Minister of State for Science, Technology and Innovation Conor Lenihan announced details of the cluster yesterday in Dublin. “There has been a radical change in our approach to cancer drug development and it is accelerating now,” Prof Crown said.

While general purpose chemotherapy had greatly improved cancer outcomes, particularly in childhood leukaemia, it was poorly targeted and “largely a development of the chemical weapons industry”, he said.

Advances in cellular and molecular technologies have enabled scientists to look at the inner workings of individual cells.

Direct comparisons between what happens inside a healthy cell could now be compared with what happens inside a cancerous cell, he said. “The science has got better and the technology has got better and there is a raft of drugs under study.”

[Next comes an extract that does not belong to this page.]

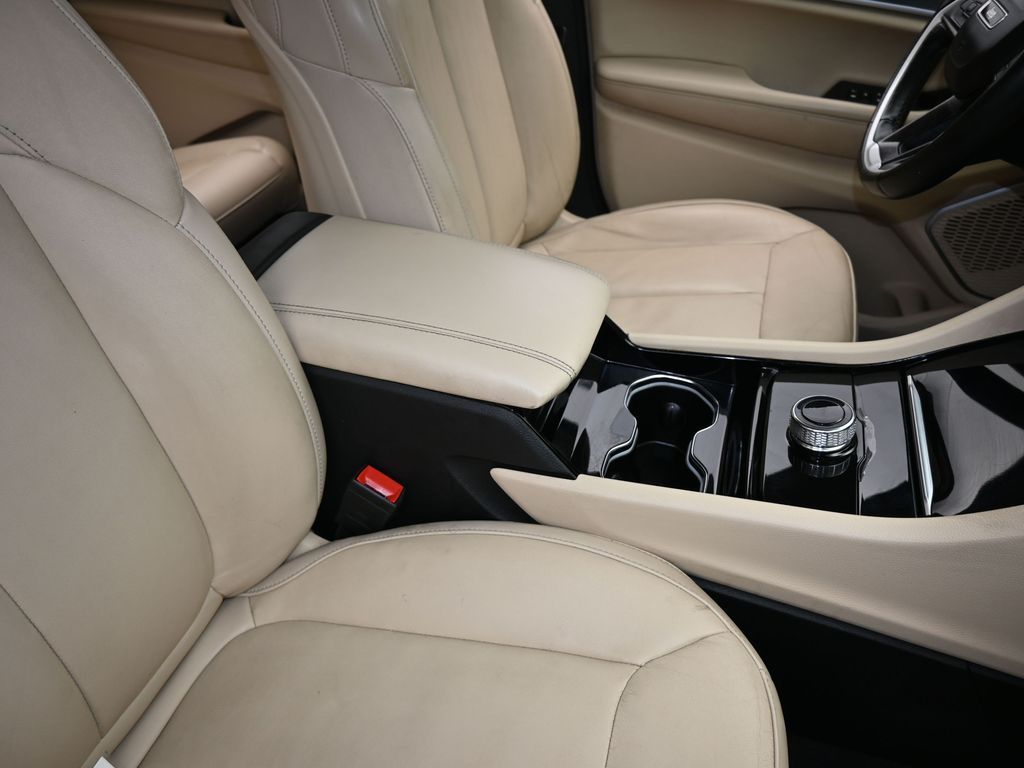 Vehicle image 76 of 78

The idea was to produce “molecular drugs” he said, anti-cancer therapies that worked specifically on cancer cells by interfering with the way they divide and grow.

These new drugs would be “smart bombs instead of blunderbusses”, Prof Crown stated.

The cluster will pull together the academic institutions and some of the biggest pharmaceutical companies in the world and also Irish drug developers including GlaxoSmithKline, Pfizer, Merck Sharpe Dohme, Novartis, Roche, Amgen, Erigal, Caliper Life Science and AntiCancer Inc. This will allow a “joined-up approach” to drug development, Prof Crown said.

“This is what the agreement is all about. It will allow us to hire 26 young researchers to take on projects in studying targeted drugs for cancer.”

Initially the companies will provide drugs for study, but the cluster’s “holy grail” was to create wholly new chemical compounds based on detailed molecular studies of cancer cells, he said.

Any new therapy could then be brought forward to human trials via the Irish Clinical Oncology Research Group, which Prof Crown helped found.

Mr Lenihan said the cluster had genuine potential to make Ireland a leading centre for cancer drug discovery and development.